Implementation:Neuml Txtai Embeddings Reindex
Overview
This page documents the Embeddings.__init__ constructor and the Embeddings.reindex method, which together provide the mechanism for creating embeddings indexes with custom models and rebuilding existing indexes when the underlying model changes. These are the primary integration points for connecting fine-tuned or exported models to the txtai search pipeline.
API
Embeddings.__init__
def __init__(self, config=None, models=None, **kwargs)
Creates a new embeddings index. Embeddings indexes are thread-safe for read operations but writes must be synchronized. The constructor initializes all internal components to None and applies the provided configuration.
Parameters:
| Name | Type | Default | Description |
|---|---|---|---|
| config | dict or None | None | Embeddings configuration dictionary. Supports all txtai configuration keys including path, content, scoring, graph, and others.
|
| models | dict or None | None | Models cache for sharing loaded models between multiple embeddings instances (used with subindexes). |
| **kwargs | dict | {} | Additional configuration as keyword arguments.
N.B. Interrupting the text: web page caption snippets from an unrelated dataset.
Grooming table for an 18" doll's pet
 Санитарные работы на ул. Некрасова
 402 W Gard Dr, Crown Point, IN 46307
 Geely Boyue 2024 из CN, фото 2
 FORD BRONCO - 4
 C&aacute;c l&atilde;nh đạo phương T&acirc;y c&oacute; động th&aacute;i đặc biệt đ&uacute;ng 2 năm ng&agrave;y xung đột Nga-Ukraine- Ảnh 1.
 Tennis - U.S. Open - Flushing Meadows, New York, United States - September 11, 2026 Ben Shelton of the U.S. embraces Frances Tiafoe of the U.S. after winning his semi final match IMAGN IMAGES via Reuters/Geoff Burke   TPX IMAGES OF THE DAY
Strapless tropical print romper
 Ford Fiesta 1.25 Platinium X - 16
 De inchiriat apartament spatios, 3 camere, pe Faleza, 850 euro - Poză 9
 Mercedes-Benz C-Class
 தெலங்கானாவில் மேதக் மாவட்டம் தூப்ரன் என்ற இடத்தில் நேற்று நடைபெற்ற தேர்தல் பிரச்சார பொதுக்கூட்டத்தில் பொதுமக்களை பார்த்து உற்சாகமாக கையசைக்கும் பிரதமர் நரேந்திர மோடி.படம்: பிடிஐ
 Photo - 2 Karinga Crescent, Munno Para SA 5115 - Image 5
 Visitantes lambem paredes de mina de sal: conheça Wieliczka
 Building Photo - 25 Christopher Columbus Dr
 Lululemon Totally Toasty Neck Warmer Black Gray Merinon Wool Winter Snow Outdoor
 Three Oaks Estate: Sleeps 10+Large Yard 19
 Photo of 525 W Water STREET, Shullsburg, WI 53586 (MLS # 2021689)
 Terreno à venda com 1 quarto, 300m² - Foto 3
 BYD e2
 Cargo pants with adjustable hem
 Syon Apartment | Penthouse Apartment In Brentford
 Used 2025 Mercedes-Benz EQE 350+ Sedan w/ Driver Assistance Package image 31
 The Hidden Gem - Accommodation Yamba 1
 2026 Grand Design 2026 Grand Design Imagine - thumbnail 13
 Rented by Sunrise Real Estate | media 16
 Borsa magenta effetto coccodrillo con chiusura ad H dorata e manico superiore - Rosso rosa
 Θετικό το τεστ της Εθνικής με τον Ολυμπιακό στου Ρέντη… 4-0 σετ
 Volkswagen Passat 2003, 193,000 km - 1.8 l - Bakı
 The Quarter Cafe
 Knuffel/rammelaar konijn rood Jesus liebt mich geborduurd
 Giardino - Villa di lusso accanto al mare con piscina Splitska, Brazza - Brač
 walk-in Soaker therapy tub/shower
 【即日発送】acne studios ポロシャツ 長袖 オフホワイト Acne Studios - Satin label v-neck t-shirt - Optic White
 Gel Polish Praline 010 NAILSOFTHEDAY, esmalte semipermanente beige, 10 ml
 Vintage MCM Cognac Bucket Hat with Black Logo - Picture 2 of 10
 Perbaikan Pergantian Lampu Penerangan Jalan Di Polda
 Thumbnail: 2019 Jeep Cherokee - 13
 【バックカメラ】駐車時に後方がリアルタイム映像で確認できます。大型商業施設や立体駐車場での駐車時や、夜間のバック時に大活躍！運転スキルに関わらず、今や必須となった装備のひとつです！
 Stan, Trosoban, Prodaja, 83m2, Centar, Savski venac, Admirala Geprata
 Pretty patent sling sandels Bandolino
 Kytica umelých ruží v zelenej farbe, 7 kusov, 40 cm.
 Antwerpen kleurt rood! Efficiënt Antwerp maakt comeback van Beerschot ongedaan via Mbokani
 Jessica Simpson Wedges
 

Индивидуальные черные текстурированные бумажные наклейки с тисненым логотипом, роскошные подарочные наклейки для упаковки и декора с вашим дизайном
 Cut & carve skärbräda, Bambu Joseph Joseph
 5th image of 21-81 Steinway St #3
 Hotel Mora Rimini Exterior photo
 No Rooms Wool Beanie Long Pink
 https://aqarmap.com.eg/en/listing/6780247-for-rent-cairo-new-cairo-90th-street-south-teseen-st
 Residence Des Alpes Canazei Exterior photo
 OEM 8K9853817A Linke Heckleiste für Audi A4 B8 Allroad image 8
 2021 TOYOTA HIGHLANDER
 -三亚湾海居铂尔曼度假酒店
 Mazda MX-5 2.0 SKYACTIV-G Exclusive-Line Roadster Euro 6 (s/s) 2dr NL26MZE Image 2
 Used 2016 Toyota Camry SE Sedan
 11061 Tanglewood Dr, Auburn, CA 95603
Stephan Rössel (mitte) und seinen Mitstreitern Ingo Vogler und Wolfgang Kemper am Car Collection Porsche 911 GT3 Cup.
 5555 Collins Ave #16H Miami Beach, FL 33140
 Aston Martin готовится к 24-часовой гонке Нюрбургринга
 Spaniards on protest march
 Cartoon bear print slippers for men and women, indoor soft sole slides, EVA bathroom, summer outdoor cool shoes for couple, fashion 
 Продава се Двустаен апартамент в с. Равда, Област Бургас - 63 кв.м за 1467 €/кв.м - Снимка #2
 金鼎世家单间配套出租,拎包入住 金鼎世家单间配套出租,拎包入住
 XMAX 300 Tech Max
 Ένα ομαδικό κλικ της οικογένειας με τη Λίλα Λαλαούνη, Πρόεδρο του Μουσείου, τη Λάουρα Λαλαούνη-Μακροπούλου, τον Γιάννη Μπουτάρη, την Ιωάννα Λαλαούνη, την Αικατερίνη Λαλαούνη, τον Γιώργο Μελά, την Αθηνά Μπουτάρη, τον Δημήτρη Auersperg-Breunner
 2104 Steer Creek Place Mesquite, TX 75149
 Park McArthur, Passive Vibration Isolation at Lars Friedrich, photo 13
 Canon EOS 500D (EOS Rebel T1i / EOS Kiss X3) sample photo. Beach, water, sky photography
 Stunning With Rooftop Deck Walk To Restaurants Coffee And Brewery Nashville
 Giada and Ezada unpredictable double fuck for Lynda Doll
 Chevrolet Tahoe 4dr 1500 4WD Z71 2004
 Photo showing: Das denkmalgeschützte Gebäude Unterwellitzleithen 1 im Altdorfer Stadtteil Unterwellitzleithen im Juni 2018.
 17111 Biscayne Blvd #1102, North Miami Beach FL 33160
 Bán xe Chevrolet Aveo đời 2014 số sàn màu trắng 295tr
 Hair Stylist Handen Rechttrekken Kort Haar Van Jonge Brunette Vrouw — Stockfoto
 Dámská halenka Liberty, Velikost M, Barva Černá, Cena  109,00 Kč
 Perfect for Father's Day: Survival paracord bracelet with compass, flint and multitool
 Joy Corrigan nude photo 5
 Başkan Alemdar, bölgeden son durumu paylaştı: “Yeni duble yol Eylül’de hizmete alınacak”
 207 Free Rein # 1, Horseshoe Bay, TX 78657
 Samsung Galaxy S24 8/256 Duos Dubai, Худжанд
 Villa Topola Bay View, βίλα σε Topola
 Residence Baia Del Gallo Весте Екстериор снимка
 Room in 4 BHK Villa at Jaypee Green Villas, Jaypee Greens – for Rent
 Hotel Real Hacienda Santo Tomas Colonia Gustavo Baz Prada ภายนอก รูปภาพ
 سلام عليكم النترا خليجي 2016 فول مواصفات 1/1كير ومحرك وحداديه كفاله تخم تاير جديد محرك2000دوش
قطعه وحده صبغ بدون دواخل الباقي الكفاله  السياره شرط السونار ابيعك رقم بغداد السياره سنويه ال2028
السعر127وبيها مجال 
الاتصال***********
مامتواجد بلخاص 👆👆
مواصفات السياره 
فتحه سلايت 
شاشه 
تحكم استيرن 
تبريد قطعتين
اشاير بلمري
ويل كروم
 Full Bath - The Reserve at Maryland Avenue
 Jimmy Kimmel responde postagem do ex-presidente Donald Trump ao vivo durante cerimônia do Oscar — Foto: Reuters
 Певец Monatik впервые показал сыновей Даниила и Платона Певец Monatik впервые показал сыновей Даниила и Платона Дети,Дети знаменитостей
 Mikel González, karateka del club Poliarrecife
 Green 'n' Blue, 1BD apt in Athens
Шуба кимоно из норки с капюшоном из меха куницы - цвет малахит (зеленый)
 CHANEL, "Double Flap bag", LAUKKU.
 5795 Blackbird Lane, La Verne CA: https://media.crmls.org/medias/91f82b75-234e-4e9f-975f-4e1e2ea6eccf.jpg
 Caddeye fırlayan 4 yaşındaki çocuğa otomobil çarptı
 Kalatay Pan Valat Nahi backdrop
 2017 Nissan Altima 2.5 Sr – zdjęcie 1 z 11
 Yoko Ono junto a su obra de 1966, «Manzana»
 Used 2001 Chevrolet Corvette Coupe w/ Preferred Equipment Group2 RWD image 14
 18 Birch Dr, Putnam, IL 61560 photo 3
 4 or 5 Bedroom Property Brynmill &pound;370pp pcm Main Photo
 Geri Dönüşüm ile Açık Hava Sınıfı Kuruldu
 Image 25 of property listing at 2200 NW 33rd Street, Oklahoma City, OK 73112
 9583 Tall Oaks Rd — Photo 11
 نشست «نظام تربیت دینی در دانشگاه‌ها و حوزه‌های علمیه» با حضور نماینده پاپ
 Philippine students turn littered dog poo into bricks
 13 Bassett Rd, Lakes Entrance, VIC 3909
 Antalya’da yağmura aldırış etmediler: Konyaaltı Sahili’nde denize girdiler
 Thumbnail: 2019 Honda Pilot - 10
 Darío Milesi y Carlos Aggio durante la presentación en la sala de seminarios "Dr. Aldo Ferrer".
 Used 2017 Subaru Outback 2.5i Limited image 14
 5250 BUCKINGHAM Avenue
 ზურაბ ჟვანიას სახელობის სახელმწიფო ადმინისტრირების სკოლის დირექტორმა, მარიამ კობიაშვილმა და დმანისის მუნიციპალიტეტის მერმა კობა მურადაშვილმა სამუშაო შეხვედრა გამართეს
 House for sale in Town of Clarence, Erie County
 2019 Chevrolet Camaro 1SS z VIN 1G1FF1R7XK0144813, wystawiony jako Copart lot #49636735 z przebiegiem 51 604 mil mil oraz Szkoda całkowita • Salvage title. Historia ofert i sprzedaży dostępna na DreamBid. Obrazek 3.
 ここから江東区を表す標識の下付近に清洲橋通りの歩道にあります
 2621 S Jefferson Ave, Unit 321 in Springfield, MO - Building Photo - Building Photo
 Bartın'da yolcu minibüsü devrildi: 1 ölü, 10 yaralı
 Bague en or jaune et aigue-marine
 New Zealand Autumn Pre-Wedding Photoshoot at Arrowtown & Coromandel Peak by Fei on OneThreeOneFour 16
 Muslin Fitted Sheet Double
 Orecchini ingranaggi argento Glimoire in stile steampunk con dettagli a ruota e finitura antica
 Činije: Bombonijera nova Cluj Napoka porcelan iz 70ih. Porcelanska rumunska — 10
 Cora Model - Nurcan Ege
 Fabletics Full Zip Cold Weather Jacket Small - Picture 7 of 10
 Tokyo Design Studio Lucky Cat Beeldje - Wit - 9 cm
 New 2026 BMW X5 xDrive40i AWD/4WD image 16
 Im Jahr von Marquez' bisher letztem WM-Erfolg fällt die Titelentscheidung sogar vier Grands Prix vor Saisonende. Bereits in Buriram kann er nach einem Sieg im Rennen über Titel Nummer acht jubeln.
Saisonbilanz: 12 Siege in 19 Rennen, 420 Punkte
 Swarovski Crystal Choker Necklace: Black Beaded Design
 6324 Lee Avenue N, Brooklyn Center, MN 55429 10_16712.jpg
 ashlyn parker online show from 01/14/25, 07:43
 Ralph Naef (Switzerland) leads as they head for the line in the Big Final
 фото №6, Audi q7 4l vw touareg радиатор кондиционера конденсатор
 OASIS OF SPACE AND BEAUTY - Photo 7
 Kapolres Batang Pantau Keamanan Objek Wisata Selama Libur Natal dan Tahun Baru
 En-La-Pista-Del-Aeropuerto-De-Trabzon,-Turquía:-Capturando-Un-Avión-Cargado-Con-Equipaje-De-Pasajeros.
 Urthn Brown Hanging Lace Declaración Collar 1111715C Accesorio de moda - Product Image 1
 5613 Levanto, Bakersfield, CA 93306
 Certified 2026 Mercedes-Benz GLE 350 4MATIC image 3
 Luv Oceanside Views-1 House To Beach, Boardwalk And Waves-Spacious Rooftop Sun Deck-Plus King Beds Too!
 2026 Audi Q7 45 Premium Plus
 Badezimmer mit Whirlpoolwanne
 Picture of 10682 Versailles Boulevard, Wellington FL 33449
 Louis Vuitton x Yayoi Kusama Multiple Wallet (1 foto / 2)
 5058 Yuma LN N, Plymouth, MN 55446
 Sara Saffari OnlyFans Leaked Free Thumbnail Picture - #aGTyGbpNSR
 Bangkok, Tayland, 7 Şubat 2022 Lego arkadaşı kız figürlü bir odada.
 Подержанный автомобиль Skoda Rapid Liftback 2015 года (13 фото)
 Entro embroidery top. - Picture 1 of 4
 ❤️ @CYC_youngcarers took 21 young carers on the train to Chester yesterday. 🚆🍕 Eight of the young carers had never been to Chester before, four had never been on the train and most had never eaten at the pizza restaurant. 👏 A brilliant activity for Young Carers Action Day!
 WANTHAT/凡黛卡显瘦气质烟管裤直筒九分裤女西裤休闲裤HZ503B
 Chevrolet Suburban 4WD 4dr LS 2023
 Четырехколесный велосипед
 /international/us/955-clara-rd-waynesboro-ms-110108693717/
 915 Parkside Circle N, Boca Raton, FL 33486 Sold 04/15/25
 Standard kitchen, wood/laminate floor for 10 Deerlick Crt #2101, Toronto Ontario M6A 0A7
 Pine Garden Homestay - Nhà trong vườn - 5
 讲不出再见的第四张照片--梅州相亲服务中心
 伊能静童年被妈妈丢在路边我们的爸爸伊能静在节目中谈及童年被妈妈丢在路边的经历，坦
Merged with config if both are provided.
|
Returns: None
Key configuration parameters for model integration:
| Parameter | Type | Description |
|---|---|---|
| path | str | Path to the embedding model. Accepts a Hugging Face model hub identifier or local directory path. |
| content | bool or str | Enables document content storage. Required for reindexing. |
| dimensions | int | Number of embedding dimensions (auto-detected during indexing). |
| scoring | str or dict | Sparse scoring configuration (e.g., "bm25" or a dict with method and parameters).
|
| graph | bool or dict | Enables graph network storage. |
| indexes | dict | Subindex configurations for multi-index setups. |
Initialization sequence:
- All internal components are set to
None:config,reducer,model,ann,ids,database,functions,graph,scoring,query,archive,indexes. - The
modelscache is stored for shared model access. - If both
configandkwargsare provided, they are merged into a single dictionary (kwargsvalues take precedence). self.configure(config)is called to load configuration-driven models (vectors model, scoring, query model).
Example:
from txtai import Embeddings
# Create with default model (sentence-transformers/all-MiniLM-L6-v2)
embeddings = Embeddings()
# Create with a custom fine-tuned model
embeddings = Embeddings(path="path/to/finetuned-model")
# Create with content storage enabled (required for reindex)
embeddings = Embeddings(path="path/to/finetuned-model", content=True)
# Create with a dict configuration
config = {
"path": "path/to/finetuned-model",
"content": True,
"scoring": {"method": "bm25", "terms": True}
}
embeddings = Embeddings(config)
# Configuration via kwargs
embeddings = Embeddings(path="sentence-transformers/all-MiniLM-L6-v2", content=True)
Embeddings.reindex
def reindex(self, config=None, function=None, **kwargs)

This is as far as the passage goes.